En algunos hogares han partido los padres, en otros, los hijos varones, en otros las mujeres; todos se han ido con la secreta esperanza del regreso, alentados tal vez por conseguir una condición de vida más digna. Han partido muchos jóvenes con estudios universitarios. Dejaron tras de sí, su familia grande y su familia chica, sus afectos.

Desde el otro lado del océano, las mujeres vemos crecer nuestra descendencia a través de una cámara filmadora. Una llamada brevísima o un mensaje de texto nos invita a conectarnos a Internet diciendo: “Mamá quiero que veas como baño al bebé” y allí, estáticas, lo miramos todo sorbiendo a través de las pupilas la imagen de ese pequeñito que juega entusiasmado con el agua o bien que se enoja porque lo sacan de la bañera.

Otra vez el mensaje es:” Ha comenzado a gatear”. Y ese avance sobre sus rodillitas tiernas nos estremece y miramos hacia adelante en la filmación temerosos de que trabe el andar algún objeto que ponga en riesgo la integridad del bebé, como si tuviéramos oportunidad de quitarlo a través de la pantalla.

Se suceden los días, los meses, los años. Vivir las fiestas de la escuela maternal es algo prodigioso. Verlo en acción compartiendo con compañeritos, firme sobre sus piernas. Observar el despertar de la mañana de su cumpleaños cuando su papá instalado estratégicamente en el dormitorio, con la filmadora, toma la entrada de la mamá que llega con una manzana roja en la que ha plantado una gran vela, se acerca al pequeño e intenta despertarlo para que sople la velita. Restregándose los ojitos, intenta introducirse de nuevo bajo las sábanas. Y cantamos los cuatro juntos, papá y mamá a su lado y abuelos frente a la pantalla a través del océano “Feliz, feliz en tu día, Alejandro que Dios te bendiga, que reine la paz en tu día y que cumplas muchos más”.

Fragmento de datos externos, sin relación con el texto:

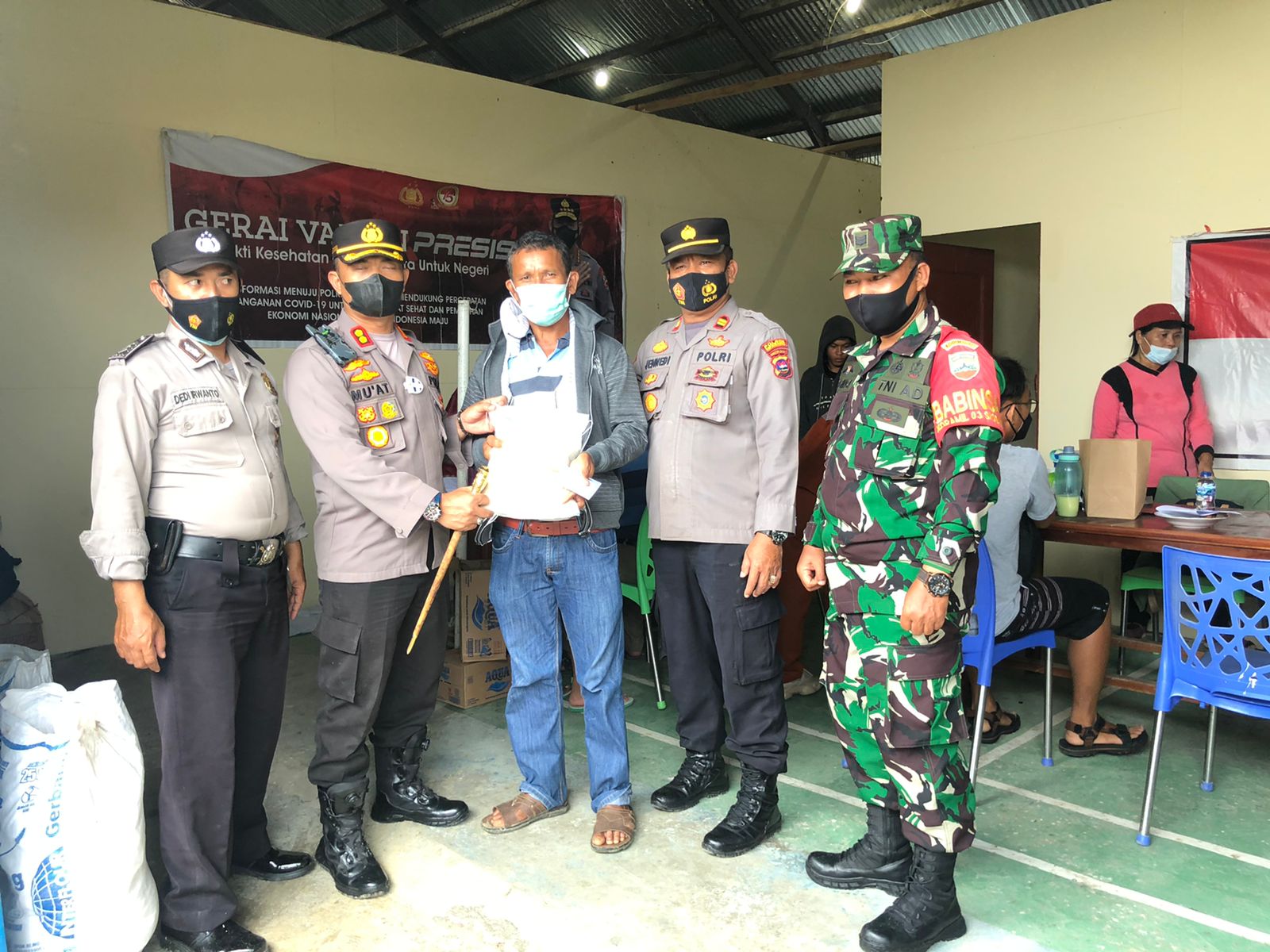 Kapolres Kepulauan Mentawai, AKBP Mu'at memberikan bingkisan kepada warga yang mengikuti vaksinasi Covid-19. (Foto: Dok. Polres Kepulauan Mentawai)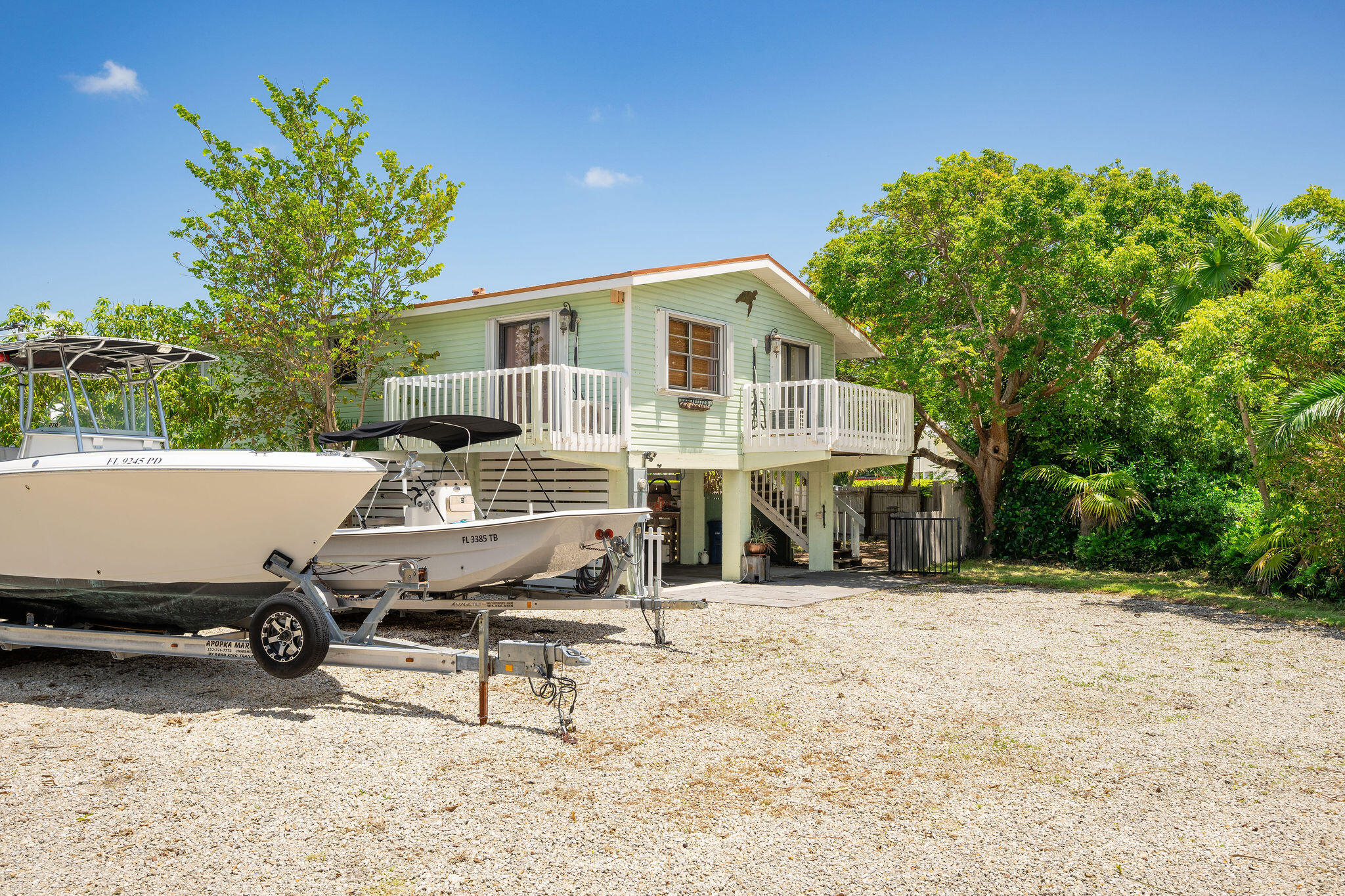 Elevated pale green home with white-railed balconies and two boats parked on a gravel lot.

Vaya que hay que ser valiente. Hay que enjugar rápidamente las lágrimas, aplaudir y reír fuerte para ahuyentar la nostalgia. Respirar hondo, sonreír contentas y conformes porque nuestros hijos están construyendo su destino, con un buen pasar, donde nada material falta pero donde las ausencias se sienten porque dejan vacíos imposibles de llenar, con suerte hasta el próximo año en que arriben pisando suelo natal, apoyando fuerte las plantas de los pies, como posesionándose nuevamente de este amado suelo argentino, mientras repiten suavemente “¡¡Estamos en casa, otra vez estamos en casa!!”.

Y qué distinta situación la vivida por nuestros padres inmigrantes, familias trasplantadas, personas trasplantadas. Ellos no contaban con este increíble avance tecnológico. Pero sobrevivieron, imaginaron, amaron a la distancia. Y esto somos, parte de esa añoranza que hemos heredado transformada en sensibilidad. Sensibilidad que sacude la humanidad, en todos los países y todas las etnias.